Ho chiuso il libro e mi è rimasto un quesito, e questo mi è
piaciuto, perché mi ha costretto ad analizzare entrambe le facce
della medaglia.
Il
libro è spaccato in più parti, che tutti i giorni si incontrano: da
una parte la precarietà di una trentenne dei giorni nostri, che come
sempre si dimena tra amori veri/fittizi e carriera da inseguire a
tutti i costi, onde evitare di rimanere sola e anche spiantata (e
questa, se vogliamo, è la parte più prevedibile dell'insieme);
dall'altra una bambina che subisce la crisi dei genitori, e cerca di
farsi coraggio usando la curiosità come arma; infine una donna
maltrattata - l'ennesima donna maltrattata - che annaspa alla ricerca
di protezione e certezze.
Perché
mi è piaciuto? Perché è fedele al titolo.
Perché
ci sprona a cercare e a pretendere la verità, ad ogni costo. Sempre,
da qualsiasi situazione. Dalle fiabe, che sì, ci piacciono proprio
perché sono fantastiche e ci fanno sognare, ma ignoriamo il fatto che a volte quelle reali
possano essere anche più divertenti, o possano addirittura farci crescere con una marcia
in più. Ricordo che quelle che si raccontavano tempo fa ai bambini
erano diverse, così come lo erano le illustrazioni all'interno dei libri.
Spesso, per esempio, facevano veramente paura, o erano molto tristi,
eppure guardateci, siamo ancora tutti qui. Invece oggi abbiamo paura
di leggergli certe storie, e non ci rendiamo conto che
stiamo coltivando generazioni di adulti che affronteranno la vita con
più timori, ansie, preoccupazioni.
E
poi, ci insegna a esigere la sincerità dalle relazioni, perché con le
bugie non si potrà mai andare lontano. E dall'amore, perché basta
guardare con più attenzione per rendersi conto quando è vero, o quando destinato a sbriciolarsi in pochi inutili episodi.

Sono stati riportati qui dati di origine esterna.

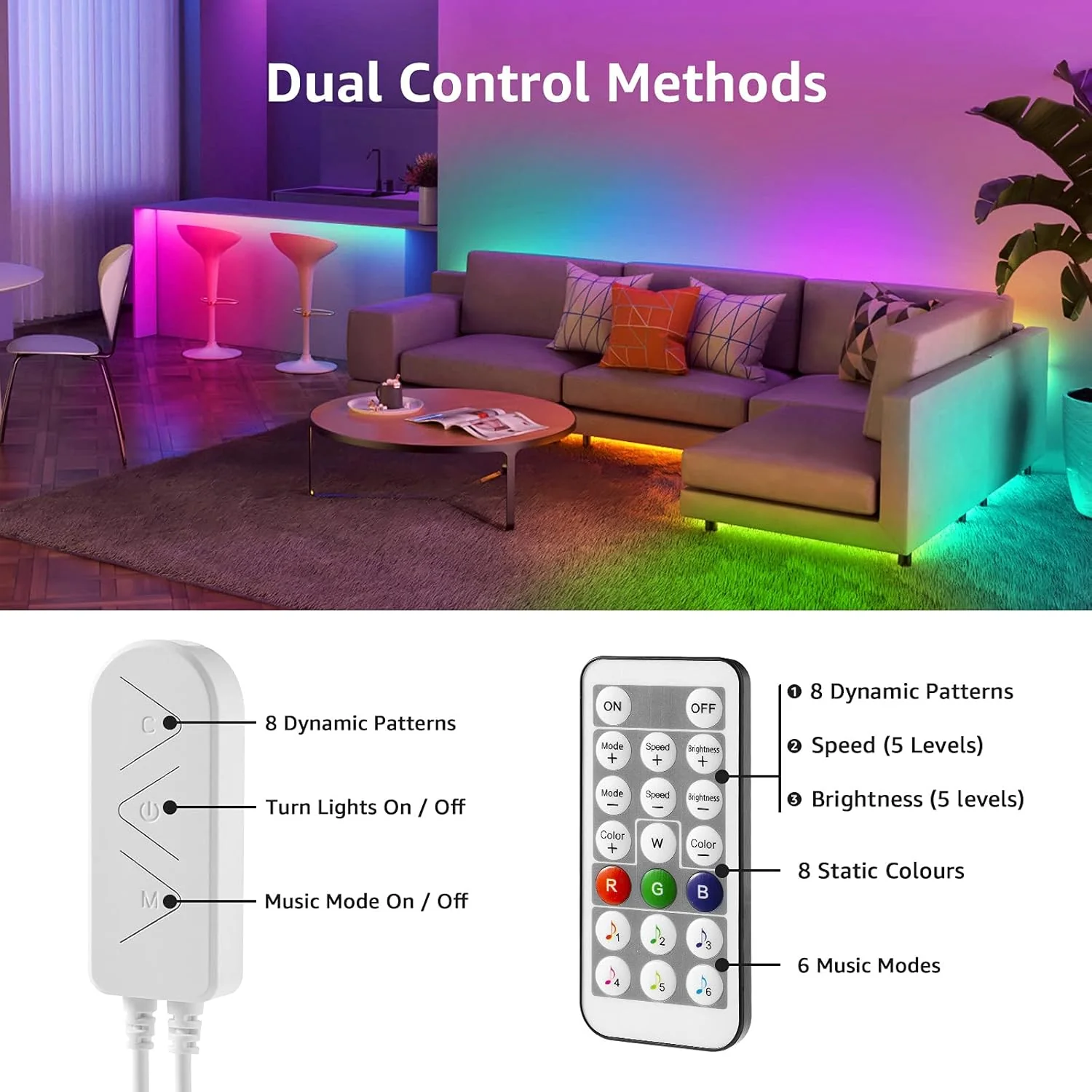 Lepro MagicColor LED Strip Light 10M (5Mx2) 300LEDs, Rainbow Chasing Lights, Music Sync, Multiple Colours on One Line, Remote Control LED Lights for Bedroom, Living Room, Bar, Gaming Time - Image 8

Dal lavoro e, in questo caso, dal mondo della pubblicità che, si sa, è fondato sulle menzogne.
Insomma,
qualcosa di vero. Non tutto. La fantasia lasciatecela. E' quella che
ci permette di non smettere mai di desiderare, sognare, creare,
procurarci più facilmente un sorriso. Però, ecco, magari prima di
servirla, conditela con una giusta dose di verità: camminare sicuri, sapendo come stanno le cose, ma essere in grado, quando serve, di ridimensionarle, è senza dubbio la ricetta della felicità.